And while we’re on the Jeep note I must add that the Levante does NOT ride on the same platform as the Grand Cherokee. When Maserati first revealed the Kubang concept for this vehicle in 2011 it was said that Chrysler would supply the Levante’s chassis, but the decision was changed later on. Underpinning the Levante is a derivation of the Ghibli/Quattroporte sedan chassis, with SUV-appropriate suspension adjustments.
There are, however, some strong ties to the Chrysler mothership inside. Interior materials come from a mixed basket, and while much of it comprises seriously high quality materials (there’s a R68 275 option for Zegna upholstery with mulberry silk and premium leather) stitched together in typically beautiful Italian fashion, it’s also easy to spot some Chrysler-sourced components, including the 21.3cm colour touchscreen.
Overall though, the Levante disguises its American family relations well and pulls off a level of premium feel expected from the trident badge.
High quality feel
On the road it feels like a vehicle of substance. The steering is weighted perfectly, and is hydraulically assisted (thank you Maserati!) so it delivers that delicious feedback we often miss in electrically-steered cars. Our Gauteng-based launch route didn’t really test handling limits, but did demonstrate the Italian SUV’s dead-steady composure at highway speeds and on some crummy side roads in and around the Cradle.

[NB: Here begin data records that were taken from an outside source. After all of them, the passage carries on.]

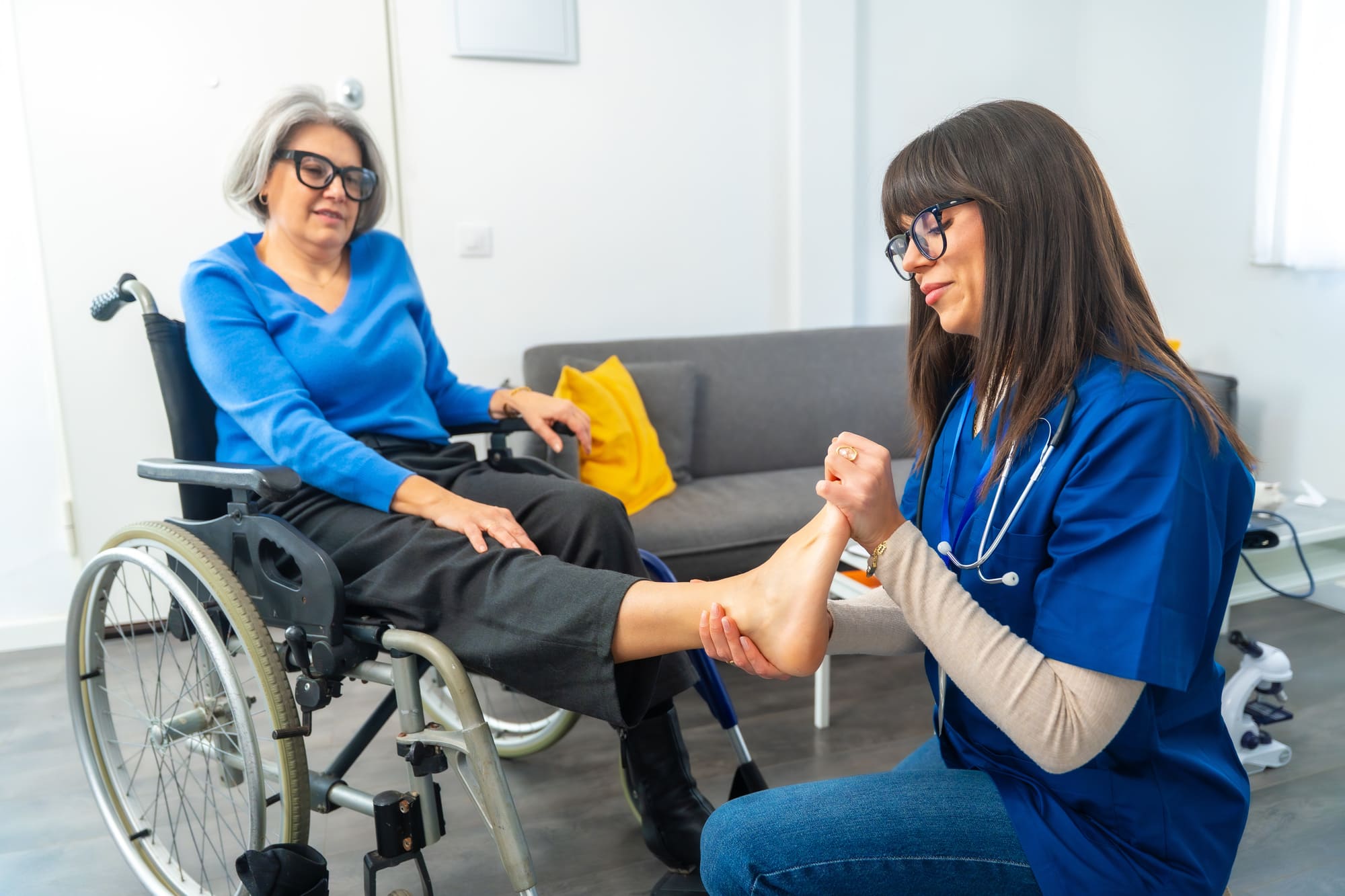 Une infirmière en soins des pieds examine le pied d'une femme âgée en fauteuil roulant.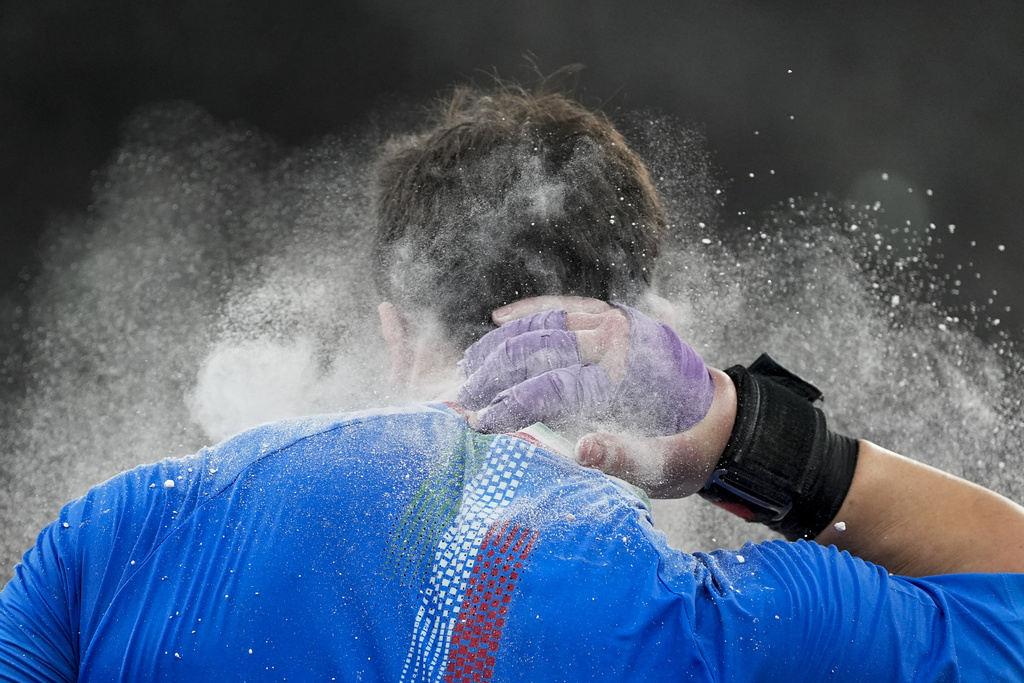 Italy's Leonardo Fabbri chalks his neck as he competes in the men's shot put final at the World Athletics Championships in Tokyo, Saturday, Sept. 13, 2025. (AP Photo/Ashley Landis)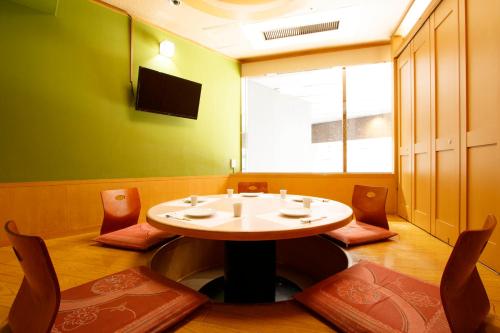 a waiting room with a table and chairs at Mars Garden Hotel Hakata in Fukuoka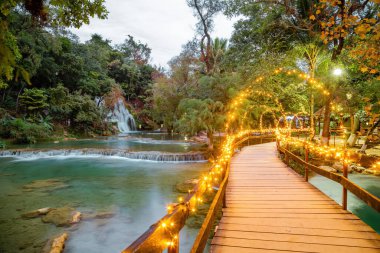 Huasteca Potosina 'daki Tamasopo Spa' nın panoramik manzarası, Şeffaf sular, bereketli bitki örtüsü, sarı ışıklarla aydınlatılmış eski ahşap köprü.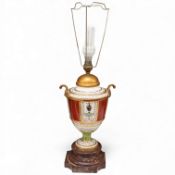 A 19th century French porcelain vase mounted as a table lamp on rouge marble base - 38cm high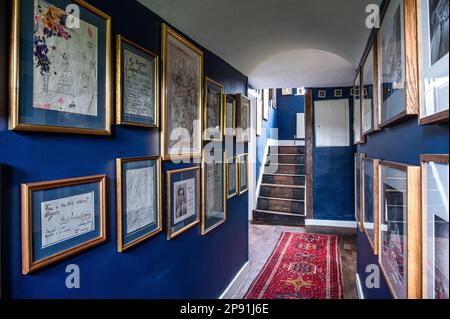 Blaue Wände in Oxford im Flur mit Fotografien von Cecil Beaton und Zeichnungen von Stephen Tennant im Tudor-Bauernhaus aus dem 16. Jahrhundert in Suffolk, Großbritannien Stockfoto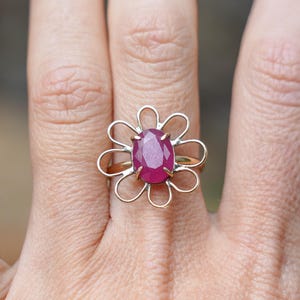 Può includere: Anello dorato con una grande gemma di rubino taglio ovale. Il rubino è incastonato in un delicato design floreale traforato. L'anello è indossato su un dito, mettendo in risalto il design del gioiello.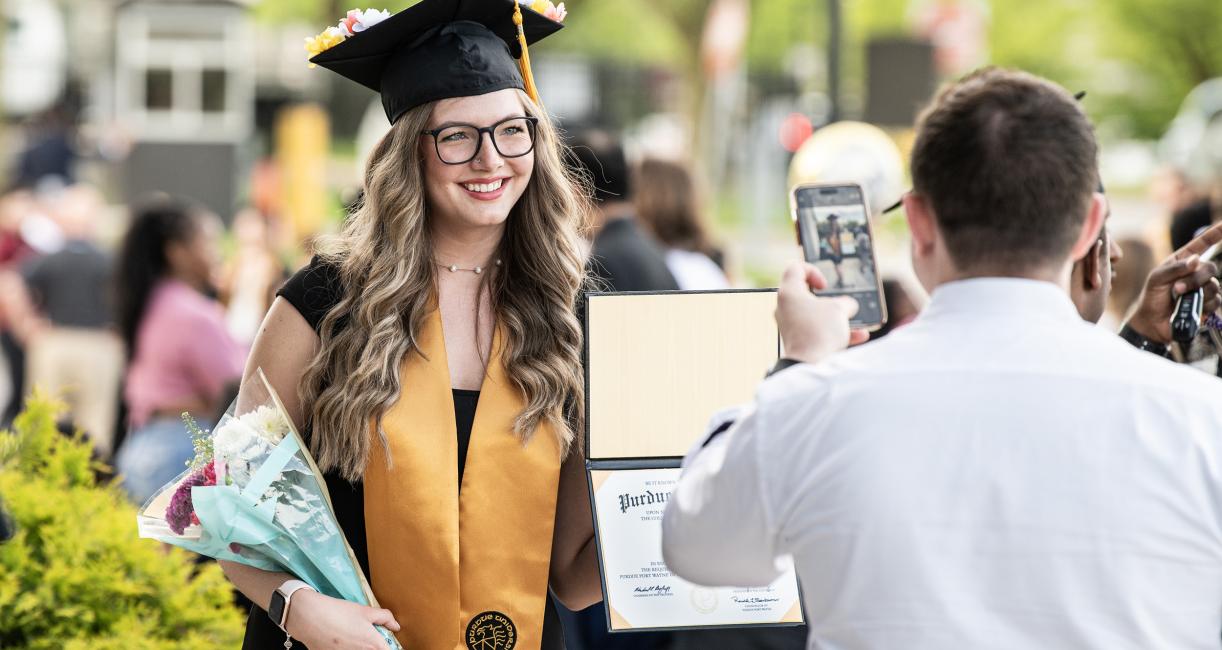 Graduated student poses with flowers and degree holder.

The cabin is sealed off from the outside world in a way you’d expect from a super-luxury marque, with wind, road and tyre noise almost completely muffled out even with the biggest possible 21” rims fitted (standard is 19”).

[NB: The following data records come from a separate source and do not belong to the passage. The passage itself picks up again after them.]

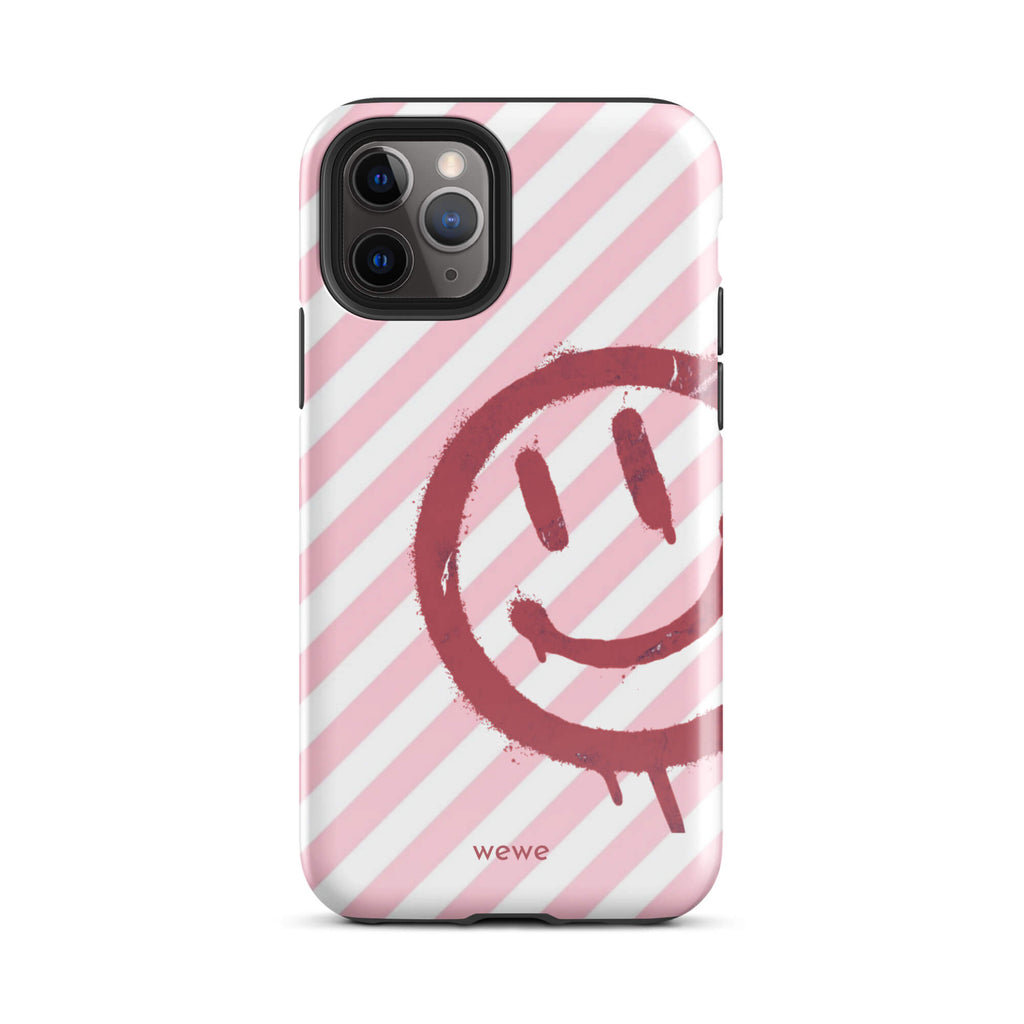 Custom iPhone case 11 pro with a pink and white diagonal stripe background and a red spray paint graffiti smiley face.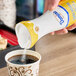 A hand pouring Domino Quick-Dissolve Superfine Sugar into a cup of coffee.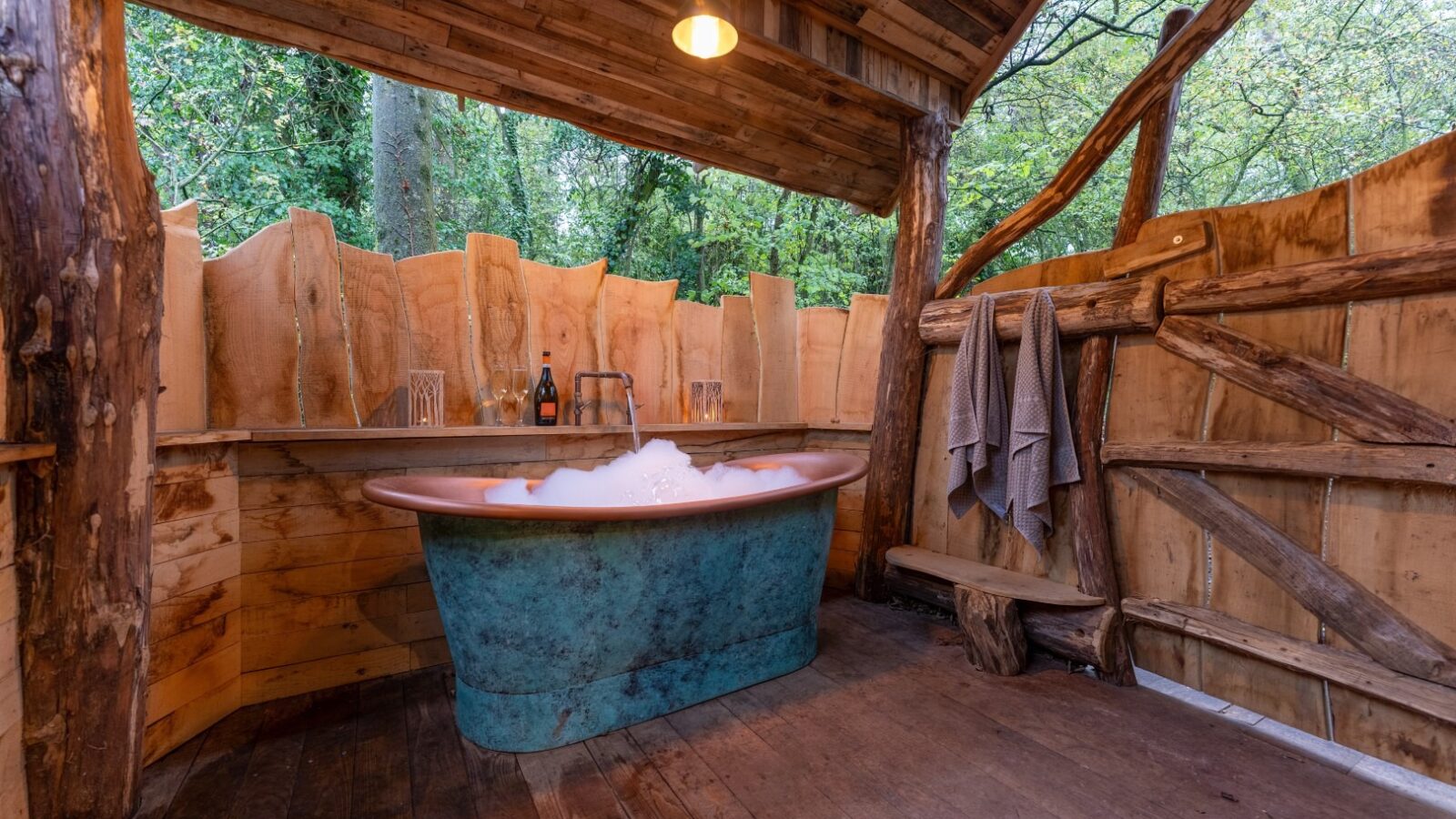 In the heart of One Acre Wood, discover an outdoor rustic bathroom featuring a teal bathtub filled with bubbles and surrounded by wood paneling. Towels hang from a log rack, while wine and glass rest on a wooden shelf. Trees frame the scene, illuminated by cozy lighting above.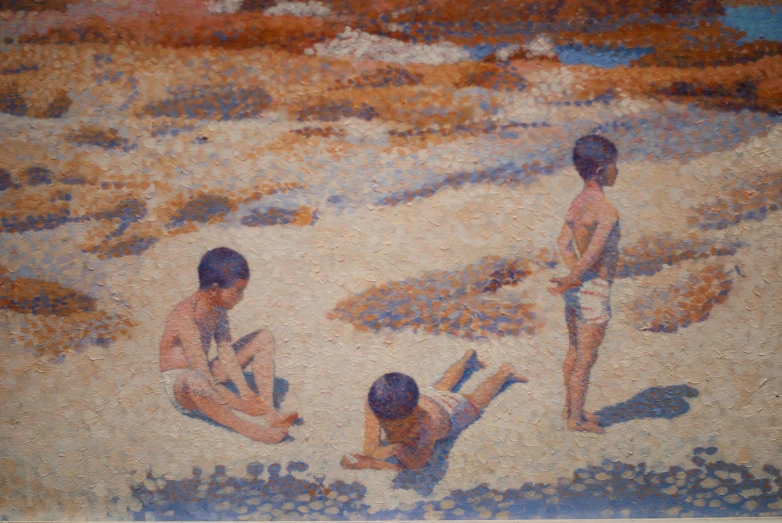 three boys playing in the sand on a beach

Tick options boxes for 14-speaker Harman Kardon (R24 375) or 17-speaker Bowers & Wilkins (R89 625) stereos, and the extra effort designers have put into sound deadening becomes very worthwhile.
But it’s the Levante’s suspension system which plays the biggest role in its first class on-road feel. Standard air ride, or ‘Skyhook’ technology in Maser-speak, allows this 2200kg SUV to glide like its shocks are pumped full of fluff over pretty much any surface. This air suspension can be set to one of three firmness levels, and can raise and lower between five heights. Six, if you count the lowest easy-entry parking mode.
It can do the bush thing
It’s unlikely many Levantes will see deep bush, but in its highest setting it’ll clear some fairly rocky terrain with ease. No ride heights are quoted, but from its default middle setting it can raise an extra 40mm to prevent belly scrapage. Also standard is a Q4 intelligent all-wheel drive system, which in normal conditions sends all power to the rear axle, but can apportion drive to either end in a 50/50 split when extra traction is needed.

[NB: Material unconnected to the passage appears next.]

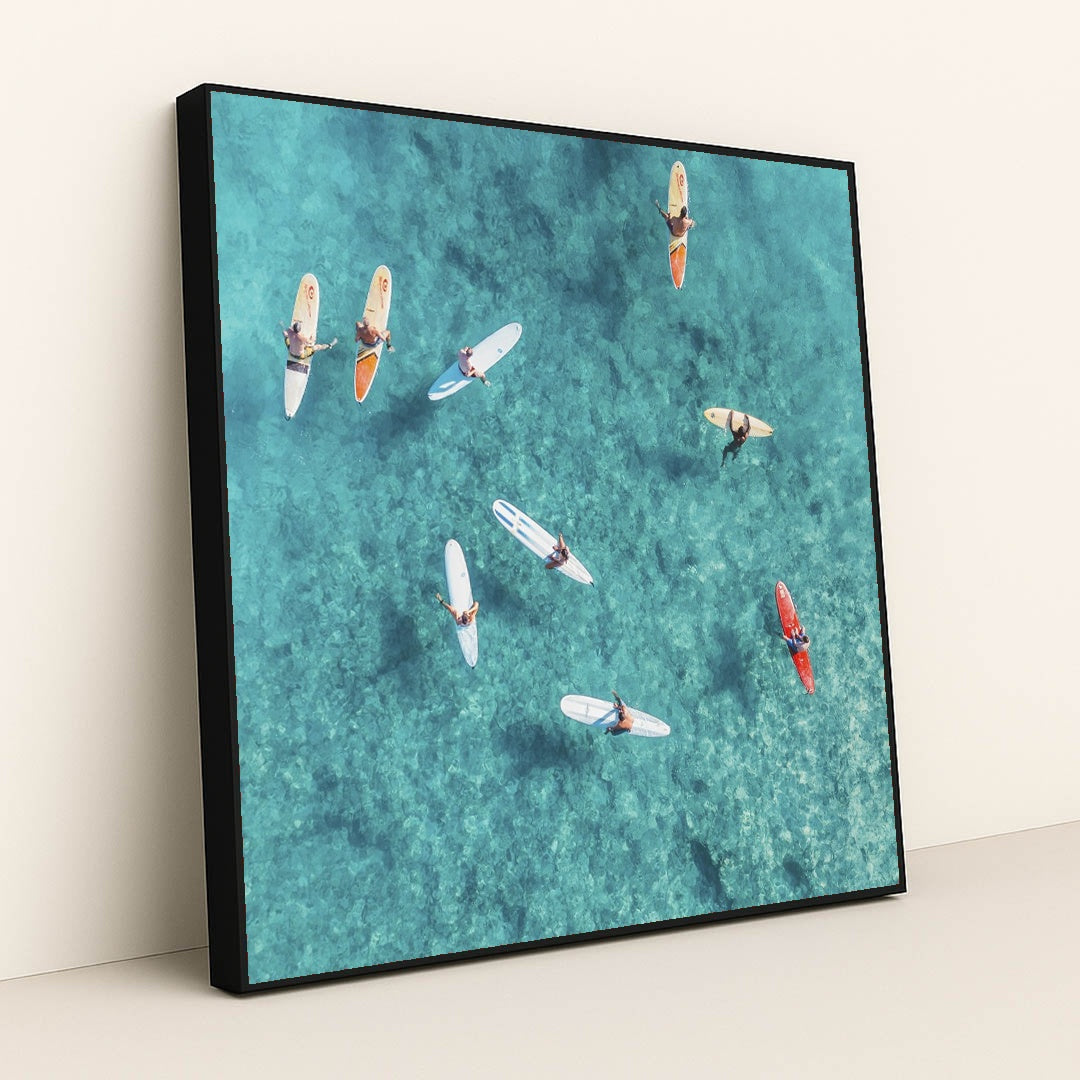 Surfers in Crystal Clear Waters by Jess Loiterton - Black Frame Stretchiez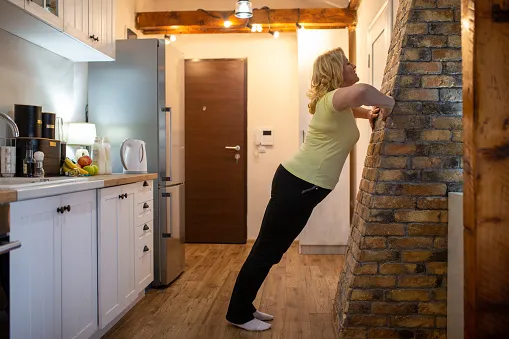 Woman doing wall pushups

Now the cost. Base price is R1 650 000, but a Maserati without options is a near impossibility. The two press units at launch were specced to what an average buyer would likely sign up for, and were tipped just over the R2-million mark. Thankfully Maserati SA has bundled many options into discounted packages, but it’s still possible to go overboard with carbon trim (R64 025), heated wooden steering wheels (R17 840) and alcantara headliners (R32 630) to name but a few.